Ironically enough, it was the announcement this year of live-streaming coverage of the event’s second weekend offered by a pair of new-media players with high profiles, AXS TV (www.axs.tv) and TuneIn radio (http://tunein.com/), that seemed to mark the completion of one cycle — Jazz Fest as a wild and woolly tribal gathering — and the firm establishment of a new identity: Jazz Fest as a highly marketable cultural commodity now interconnected with a series of major corporate players who will continue to determine the event’s primary identity for decades to come.
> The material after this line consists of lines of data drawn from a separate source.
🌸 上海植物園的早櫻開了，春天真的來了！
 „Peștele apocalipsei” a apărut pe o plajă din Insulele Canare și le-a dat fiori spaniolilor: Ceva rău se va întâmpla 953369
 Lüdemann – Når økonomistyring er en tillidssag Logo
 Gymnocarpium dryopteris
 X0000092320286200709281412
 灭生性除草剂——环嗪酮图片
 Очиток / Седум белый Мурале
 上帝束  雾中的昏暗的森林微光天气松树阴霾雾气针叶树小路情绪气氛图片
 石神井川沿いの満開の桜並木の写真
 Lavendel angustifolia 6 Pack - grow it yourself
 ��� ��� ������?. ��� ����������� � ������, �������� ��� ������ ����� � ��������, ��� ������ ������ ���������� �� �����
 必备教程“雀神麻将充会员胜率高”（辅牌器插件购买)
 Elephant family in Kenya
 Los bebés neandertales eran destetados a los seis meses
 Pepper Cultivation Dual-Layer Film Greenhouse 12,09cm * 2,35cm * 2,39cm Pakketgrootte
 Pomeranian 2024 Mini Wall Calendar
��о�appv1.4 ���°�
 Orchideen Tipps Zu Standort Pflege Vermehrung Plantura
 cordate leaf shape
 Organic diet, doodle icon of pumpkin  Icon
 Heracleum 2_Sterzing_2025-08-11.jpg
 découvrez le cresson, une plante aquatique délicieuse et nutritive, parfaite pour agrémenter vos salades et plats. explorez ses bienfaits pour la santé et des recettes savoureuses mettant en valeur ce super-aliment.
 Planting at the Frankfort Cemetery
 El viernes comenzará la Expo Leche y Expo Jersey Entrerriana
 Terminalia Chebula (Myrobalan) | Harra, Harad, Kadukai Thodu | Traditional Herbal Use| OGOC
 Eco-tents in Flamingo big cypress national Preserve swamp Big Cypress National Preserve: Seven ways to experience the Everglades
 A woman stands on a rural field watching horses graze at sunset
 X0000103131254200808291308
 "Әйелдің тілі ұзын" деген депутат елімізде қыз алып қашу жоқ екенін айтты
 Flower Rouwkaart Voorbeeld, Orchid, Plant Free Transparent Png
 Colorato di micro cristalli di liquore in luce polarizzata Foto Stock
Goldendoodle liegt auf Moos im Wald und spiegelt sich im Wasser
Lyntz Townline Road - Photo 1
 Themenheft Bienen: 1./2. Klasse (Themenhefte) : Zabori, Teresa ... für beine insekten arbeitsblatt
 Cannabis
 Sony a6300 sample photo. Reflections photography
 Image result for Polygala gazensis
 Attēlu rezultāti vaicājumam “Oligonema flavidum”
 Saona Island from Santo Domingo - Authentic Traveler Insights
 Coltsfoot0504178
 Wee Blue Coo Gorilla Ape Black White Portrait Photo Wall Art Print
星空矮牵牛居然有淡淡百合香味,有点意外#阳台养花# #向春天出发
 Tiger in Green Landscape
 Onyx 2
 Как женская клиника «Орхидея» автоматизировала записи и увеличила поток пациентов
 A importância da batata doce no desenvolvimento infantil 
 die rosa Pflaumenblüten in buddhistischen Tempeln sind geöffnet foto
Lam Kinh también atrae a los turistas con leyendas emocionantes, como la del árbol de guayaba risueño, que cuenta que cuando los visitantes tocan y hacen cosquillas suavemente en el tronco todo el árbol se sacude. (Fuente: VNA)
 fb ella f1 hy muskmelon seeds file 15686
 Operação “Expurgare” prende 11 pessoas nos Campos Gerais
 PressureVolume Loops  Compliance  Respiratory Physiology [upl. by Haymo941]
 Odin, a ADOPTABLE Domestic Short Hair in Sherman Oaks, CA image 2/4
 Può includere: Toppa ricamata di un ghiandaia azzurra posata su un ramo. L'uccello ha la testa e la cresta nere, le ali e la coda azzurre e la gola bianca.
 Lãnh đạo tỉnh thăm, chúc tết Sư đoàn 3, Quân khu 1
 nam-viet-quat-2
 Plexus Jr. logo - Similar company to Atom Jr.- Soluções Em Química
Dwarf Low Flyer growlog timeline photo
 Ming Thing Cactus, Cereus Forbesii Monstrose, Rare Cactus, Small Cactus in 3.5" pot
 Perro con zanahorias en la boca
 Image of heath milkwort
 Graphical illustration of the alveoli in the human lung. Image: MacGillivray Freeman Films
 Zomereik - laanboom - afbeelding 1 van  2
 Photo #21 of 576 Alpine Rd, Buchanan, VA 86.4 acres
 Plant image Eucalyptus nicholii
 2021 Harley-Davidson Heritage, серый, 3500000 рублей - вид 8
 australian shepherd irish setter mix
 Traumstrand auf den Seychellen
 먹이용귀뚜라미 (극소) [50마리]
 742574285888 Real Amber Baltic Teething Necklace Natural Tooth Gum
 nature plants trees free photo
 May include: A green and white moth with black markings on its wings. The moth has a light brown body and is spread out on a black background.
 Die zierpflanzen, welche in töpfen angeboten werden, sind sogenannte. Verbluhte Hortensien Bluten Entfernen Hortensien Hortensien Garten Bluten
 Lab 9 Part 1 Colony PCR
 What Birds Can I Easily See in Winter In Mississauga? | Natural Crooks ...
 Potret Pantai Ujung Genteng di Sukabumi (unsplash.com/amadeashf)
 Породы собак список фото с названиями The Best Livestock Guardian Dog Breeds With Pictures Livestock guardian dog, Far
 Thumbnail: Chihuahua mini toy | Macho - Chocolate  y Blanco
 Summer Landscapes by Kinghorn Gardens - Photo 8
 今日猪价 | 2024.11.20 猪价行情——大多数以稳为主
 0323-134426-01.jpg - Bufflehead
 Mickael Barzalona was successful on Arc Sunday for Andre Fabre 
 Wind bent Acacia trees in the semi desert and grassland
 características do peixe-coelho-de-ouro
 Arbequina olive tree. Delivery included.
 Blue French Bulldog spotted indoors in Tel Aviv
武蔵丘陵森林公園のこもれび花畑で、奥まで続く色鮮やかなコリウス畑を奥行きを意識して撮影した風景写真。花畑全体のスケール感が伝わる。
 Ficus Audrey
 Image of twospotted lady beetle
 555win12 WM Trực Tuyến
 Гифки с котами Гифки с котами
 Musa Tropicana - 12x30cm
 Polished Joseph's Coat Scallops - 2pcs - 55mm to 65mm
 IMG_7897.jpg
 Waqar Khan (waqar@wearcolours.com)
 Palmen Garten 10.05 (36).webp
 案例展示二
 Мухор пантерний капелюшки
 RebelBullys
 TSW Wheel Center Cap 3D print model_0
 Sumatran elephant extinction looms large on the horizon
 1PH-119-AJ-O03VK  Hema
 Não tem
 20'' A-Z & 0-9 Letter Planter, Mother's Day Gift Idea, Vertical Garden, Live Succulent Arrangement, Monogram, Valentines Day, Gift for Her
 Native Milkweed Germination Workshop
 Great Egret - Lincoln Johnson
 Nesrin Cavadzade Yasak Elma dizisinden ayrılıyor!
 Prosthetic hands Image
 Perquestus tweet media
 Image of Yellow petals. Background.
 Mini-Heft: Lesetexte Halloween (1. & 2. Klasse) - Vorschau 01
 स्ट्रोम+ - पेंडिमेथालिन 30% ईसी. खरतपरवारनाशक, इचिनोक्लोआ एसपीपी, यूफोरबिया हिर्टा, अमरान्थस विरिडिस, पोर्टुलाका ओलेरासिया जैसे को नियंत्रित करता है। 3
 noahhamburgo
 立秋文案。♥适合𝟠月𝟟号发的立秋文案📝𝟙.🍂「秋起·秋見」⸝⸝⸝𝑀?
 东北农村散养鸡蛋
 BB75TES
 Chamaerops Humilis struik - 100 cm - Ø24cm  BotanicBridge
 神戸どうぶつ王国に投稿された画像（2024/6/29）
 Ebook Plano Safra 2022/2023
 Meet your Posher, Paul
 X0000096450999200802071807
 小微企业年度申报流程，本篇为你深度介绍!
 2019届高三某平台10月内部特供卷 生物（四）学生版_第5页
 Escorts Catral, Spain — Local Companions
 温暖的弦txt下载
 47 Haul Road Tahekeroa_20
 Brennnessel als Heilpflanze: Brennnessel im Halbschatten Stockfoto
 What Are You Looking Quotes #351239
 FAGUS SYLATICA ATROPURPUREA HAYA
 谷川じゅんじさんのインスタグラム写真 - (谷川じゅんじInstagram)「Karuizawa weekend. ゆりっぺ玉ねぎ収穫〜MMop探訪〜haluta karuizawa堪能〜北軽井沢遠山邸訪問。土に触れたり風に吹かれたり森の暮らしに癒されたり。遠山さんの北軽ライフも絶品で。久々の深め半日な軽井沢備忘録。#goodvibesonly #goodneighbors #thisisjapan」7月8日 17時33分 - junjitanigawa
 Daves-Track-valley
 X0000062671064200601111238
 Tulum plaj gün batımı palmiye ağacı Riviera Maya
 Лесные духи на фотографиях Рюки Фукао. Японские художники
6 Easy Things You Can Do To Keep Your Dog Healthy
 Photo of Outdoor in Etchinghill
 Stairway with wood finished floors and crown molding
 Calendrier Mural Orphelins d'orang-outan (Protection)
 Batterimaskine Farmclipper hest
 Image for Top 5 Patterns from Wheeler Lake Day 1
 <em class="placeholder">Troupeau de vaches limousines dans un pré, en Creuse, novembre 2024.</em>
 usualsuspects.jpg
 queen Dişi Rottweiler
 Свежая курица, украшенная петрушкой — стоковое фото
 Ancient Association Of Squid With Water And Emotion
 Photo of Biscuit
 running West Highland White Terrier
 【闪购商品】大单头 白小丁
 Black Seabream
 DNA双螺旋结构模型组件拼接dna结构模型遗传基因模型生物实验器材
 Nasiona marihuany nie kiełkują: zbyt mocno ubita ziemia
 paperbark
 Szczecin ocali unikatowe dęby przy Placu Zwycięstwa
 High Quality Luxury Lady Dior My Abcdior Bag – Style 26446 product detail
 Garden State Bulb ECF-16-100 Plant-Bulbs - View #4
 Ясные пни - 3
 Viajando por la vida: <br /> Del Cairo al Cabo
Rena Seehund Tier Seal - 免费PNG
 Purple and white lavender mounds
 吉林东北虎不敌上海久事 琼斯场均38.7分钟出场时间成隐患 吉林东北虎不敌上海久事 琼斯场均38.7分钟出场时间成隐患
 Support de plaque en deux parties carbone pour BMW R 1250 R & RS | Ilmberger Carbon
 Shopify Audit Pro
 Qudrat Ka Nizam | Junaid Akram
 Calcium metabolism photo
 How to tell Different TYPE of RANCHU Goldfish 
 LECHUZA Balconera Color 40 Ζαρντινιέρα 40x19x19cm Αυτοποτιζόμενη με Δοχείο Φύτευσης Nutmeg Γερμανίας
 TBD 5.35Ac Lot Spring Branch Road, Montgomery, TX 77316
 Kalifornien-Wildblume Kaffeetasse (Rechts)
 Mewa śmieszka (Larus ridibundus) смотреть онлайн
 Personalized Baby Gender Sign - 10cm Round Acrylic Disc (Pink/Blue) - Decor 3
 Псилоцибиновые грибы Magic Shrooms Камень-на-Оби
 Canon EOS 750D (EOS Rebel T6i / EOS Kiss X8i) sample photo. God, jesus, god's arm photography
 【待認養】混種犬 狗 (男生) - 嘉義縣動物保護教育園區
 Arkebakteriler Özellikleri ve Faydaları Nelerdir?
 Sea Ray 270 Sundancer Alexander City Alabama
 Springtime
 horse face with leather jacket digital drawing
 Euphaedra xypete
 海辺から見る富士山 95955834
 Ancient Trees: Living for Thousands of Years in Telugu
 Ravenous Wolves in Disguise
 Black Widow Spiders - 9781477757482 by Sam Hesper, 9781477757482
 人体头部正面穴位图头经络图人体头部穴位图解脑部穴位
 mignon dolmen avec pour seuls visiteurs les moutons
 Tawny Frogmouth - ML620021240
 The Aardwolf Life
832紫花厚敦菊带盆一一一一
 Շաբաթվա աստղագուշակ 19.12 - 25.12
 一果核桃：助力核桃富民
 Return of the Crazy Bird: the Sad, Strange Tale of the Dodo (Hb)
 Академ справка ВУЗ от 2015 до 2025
Another foretaste of the future arrived in New Orleans last fall as the privately held Newhouse publishing empire — today doing business as Advance Publications — announced a shift to digital platforms under Nola.com banner, which would require, Newhouse insisted, massive layoffs and a cut-back in production of the city’s widely read daily newspaper, The Times-Picayune, from seven to three days a week. By the time Jazz Fest rolled around, Nola.com was ready, dispatching anyone with any writing ability and cultural inclination to file up-to-date and wall-to-wall performance reviews, which ultimately came to number more than 100 and, given the event’s ongoing 60+ performances a day, in context represents only a partial accounting of more than 400 total performances, not to mention the potential for reviews of more than 70 food and beverage purveyors, or the dozens of craft and art booths vying for audience attention. It’s only a matter of time before celebrity bloggers and TV-host commentators become a part of the grand media mix, giving you the low-down on Ryan Seacrest’s favorite musical acts or Hota Kotb’s to-die-for favorite Jazz Fest food concoctions, as the once down-and-dirty New Orleans Jazz & Heritage Festival becomes a nearly ubiquitous, major corporate media event.